Contra Costal Times/January 4, 2006
By Guy Ashley

Two more men have been arrested in connection with a rampage through West Oakland during which two liquor stores were vandalized by people claiming to be angry about alcohol sales to blacks.

The arrests of Demetrius L. Harvey and Dyamen N. Williams, both 19, bring to six the number of people facing charges in the Nov. 23 vandalism spree that left the two stores badly damaged. All six suspects have affiliations with Your Black Muslim Bakery, a chain of East Bay businesses run by Black Muslims who have expressed deep concern about the large number of liquor stores in areas of Oakland populated largely by blacks, said police Sgt. Dominique Arotzarena.

The Oakland-based group is inspired by the Nation of Islam but has no affiliation with the Nation of Islam or its leader, Minister Louis Farrakhan. Investigators had focused on the Oakland group after it was reported that the vandals were black men wearing suits and bow ties, attire commonly worn by Black Muslim men.

Police reports say some of the vandals asked store employees if they were Muslims. When the employees said they were, police said the vandals chastised the employees for selling alcohol to blacks, then smashed glass refrigerator doors and knocked liquor bottles from store shelves. People of the Islamic faith are forbidden from consuming alcohol.

The two targeted stores -- San Pablo Market and Liquor and New York Market -- sustained damage estimated at $15,000 each. Both Harvey and Williams were linked to the vandalism spree by witnesses who identified them from a surveillance videotape that caught much of the vandalism at the San Pablo Market.

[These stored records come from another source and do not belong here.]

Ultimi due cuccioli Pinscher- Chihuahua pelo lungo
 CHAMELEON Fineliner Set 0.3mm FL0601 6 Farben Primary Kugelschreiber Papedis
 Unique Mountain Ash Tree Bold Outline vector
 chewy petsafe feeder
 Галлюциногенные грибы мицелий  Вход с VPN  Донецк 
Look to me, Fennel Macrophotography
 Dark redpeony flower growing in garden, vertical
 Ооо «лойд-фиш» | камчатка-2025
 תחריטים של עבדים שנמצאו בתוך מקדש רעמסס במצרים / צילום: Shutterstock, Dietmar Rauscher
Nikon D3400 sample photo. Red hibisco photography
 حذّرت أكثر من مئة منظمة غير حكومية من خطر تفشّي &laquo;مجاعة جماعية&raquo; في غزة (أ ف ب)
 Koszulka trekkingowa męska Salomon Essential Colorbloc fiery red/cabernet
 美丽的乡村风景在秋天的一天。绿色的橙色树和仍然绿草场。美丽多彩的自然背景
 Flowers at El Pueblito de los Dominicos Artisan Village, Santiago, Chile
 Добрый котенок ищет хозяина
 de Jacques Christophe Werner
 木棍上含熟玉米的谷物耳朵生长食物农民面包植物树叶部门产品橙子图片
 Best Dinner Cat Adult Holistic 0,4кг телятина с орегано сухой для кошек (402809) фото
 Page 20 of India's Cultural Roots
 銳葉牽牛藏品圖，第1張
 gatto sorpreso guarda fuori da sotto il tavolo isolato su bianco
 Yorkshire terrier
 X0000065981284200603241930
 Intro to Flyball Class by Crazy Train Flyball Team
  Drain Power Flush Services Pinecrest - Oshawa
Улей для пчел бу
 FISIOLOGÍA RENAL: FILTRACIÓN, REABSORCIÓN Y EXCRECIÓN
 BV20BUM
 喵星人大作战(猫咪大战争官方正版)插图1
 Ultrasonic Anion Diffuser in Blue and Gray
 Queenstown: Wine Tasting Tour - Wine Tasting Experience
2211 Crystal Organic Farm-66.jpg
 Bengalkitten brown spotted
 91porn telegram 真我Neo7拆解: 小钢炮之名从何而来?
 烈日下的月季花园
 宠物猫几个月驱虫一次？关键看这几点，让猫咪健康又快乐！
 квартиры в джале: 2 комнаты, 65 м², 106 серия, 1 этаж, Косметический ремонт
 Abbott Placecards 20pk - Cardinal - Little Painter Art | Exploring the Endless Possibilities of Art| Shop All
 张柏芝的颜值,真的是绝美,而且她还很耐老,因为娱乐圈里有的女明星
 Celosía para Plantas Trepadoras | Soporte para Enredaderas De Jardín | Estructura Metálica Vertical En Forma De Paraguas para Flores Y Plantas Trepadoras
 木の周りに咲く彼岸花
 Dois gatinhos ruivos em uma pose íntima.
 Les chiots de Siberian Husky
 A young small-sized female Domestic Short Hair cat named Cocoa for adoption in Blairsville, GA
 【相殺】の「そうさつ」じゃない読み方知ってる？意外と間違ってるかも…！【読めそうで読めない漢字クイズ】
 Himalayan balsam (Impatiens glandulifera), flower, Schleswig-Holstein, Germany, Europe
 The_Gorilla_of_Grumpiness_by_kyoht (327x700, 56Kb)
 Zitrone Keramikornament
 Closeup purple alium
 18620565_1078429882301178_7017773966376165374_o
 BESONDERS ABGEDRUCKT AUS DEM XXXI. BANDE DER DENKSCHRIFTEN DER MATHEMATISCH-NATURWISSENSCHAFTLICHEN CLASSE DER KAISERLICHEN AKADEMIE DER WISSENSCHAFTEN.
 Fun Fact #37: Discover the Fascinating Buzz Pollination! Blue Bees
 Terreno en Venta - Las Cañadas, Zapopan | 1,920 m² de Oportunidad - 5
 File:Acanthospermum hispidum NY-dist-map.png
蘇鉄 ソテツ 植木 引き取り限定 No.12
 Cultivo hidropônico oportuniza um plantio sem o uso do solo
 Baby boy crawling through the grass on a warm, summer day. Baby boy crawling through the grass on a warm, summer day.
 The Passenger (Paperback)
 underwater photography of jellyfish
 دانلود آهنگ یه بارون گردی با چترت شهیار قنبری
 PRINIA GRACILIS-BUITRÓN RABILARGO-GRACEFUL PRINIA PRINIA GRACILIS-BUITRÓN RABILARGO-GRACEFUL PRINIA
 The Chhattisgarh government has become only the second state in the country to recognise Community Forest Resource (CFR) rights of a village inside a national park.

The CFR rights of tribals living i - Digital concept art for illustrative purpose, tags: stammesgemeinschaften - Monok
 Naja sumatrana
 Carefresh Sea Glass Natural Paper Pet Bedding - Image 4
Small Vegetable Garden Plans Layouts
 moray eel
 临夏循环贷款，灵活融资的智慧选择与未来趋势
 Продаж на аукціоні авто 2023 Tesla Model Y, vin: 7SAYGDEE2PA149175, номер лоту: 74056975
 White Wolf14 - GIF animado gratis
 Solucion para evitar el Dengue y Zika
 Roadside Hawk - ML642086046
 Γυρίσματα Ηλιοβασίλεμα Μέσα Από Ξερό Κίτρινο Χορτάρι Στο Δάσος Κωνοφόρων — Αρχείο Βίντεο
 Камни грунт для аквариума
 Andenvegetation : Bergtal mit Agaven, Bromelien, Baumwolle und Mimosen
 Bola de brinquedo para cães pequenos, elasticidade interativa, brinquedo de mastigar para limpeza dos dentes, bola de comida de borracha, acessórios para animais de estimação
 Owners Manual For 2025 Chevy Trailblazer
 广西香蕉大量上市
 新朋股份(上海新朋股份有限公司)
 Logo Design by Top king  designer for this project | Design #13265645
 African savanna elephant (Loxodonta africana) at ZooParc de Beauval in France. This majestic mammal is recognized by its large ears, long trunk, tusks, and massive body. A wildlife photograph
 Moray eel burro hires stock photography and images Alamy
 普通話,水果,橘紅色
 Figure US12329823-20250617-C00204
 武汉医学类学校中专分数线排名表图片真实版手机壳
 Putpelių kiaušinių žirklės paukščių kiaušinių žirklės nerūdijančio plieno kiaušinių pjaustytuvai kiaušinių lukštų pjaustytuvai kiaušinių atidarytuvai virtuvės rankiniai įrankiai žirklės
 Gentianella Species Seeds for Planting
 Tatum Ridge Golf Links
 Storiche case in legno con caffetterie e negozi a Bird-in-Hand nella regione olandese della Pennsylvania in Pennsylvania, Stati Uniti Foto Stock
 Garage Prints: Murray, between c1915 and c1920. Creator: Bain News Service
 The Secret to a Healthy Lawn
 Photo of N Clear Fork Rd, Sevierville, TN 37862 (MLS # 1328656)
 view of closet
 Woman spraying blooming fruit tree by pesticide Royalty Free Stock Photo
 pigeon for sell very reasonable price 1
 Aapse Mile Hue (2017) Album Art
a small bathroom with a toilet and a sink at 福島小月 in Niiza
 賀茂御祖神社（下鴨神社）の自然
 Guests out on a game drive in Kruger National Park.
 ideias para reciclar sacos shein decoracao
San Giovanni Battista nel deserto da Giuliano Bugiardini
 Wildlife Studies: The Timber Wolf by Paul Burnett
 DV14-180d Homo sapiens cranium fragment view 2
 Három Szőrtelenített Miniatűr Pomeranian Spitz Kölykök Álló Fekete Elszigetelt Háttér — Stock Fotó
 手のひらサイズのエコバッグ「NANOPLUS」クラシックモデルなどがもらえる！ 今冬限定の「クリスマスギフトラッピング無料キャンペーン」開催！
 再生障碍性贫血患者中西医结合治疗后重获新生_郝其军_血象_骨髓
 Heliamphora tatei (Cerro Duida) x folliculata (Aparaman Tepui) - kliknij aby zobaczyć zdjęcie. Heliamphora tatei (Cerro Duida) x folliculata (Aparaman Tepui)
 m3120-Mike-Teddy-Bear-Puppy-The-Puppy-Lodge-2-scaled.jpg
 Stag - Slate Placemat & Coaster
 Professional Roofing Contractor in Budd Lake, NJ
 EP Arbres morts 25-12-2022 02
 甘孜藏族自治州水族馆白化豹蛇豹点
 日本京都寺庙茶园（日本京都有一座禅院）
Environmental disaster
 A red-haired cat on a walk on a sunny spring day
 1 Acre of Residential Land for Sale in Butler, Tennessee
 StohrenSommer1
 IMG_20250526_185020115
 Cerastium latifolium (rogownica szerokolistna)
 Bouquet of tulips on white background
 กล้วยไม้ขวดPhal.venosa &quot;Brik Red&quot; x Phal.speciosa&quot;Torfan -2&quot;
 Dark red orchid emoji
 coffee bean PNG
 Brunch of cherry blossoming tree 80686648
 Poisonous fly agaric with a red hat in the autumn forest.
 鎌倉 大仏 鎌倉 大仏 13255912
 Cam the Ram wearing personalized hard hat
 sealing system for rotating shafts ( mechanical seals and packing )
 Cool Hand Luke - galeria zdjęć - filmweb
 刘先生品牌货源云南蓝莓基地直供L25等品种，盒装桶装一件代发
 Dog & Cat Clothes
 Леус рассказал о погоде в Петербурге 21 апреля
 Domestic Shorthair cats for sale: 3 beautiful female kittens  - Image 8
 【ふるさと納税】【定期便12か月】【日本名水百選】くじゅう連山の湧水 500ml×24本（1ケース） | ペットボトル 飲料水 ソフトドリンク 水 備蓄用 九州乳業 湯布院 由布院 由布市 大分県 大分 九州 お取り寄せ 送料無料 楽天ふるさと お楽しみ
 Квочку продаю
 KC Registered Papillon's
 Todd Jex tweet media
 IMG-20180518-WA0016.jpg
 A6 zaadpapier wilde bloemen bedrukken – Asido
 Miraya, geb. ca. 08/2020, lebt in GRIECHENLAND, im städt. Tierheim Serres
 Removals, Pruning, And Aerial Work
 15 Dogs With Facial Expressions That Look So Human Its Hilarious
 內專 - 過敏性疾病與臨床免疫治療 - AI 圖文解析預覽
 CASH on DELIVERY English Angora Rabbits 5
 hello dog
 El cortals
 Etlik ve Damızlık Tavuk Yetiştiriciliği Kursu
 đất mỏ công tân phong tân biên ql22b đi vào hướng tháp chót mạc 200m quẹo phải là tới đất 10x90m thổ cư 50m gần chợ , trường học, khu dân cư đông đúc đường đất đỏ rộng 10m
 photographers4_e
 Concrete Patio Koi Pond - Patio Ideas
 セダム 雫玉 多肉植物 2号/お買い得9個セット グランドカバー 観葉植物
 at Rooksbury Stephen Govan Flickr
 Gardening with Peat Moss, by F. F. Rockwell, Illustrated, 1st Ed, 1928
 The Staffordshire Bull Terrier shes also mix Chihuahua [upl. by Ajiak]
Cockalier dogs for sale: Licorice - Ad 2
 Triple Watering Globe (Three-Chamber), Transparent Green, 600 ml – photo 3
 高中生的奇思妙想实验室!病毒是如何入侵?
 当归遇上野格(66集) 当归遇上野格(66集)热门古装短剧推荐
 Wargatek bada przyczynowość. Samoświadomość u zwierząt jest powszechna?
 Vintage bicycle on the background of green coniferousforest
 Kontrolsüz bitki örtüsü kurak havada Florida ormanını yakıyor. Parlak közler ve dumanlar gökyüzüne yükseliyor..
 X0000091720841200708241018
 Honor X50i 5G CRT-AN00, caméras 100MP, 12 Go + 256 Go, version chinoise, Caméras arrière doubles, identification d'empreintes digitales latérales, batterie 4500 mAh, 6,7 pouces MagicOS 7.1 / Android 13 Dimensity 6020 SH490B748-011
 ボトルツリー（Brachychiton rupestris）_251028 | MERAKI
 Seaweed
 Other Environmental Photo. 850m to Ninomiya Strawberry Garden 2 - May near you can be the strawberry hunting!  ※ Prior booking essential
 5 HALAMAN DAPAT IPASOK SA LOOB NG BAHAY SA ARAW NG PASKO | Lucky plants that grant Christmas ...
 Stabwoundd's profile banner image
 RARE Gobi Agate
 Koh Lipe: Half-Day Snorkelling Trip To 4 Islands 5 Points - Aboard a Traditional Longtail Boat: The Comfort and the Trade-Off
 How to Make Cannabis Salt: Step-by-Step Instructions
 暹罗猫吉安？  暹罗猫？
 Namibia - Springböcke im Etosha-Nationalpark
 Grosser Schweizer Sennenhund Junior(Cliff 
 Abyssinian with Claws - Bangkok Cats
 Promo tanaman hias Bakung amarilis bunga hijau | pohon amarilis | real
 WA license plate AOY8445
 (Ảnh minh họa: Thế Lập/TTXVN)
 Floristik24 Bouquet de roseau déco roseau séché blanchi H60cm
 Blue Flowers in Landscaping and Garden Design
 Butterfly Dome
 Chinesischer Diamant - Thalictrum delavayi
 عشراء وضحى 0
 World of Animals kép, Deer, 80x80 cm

Both men claim to have been employees of the bakery's headquarters on San Pablo Avenue in Oakland, Arotzarena said. Police are seeking charges against the two men of vandalism and false imprisonment. The charges also would include "hate crime'' enhancements due to the belief that the two stores were targeted because they are owned by immigrants from Islamic countries in the Middle East.

In addition to the six men arrested in the case, Arotzarena said, police have obtained arrest warrants for two other men in connection with the vandalism spree.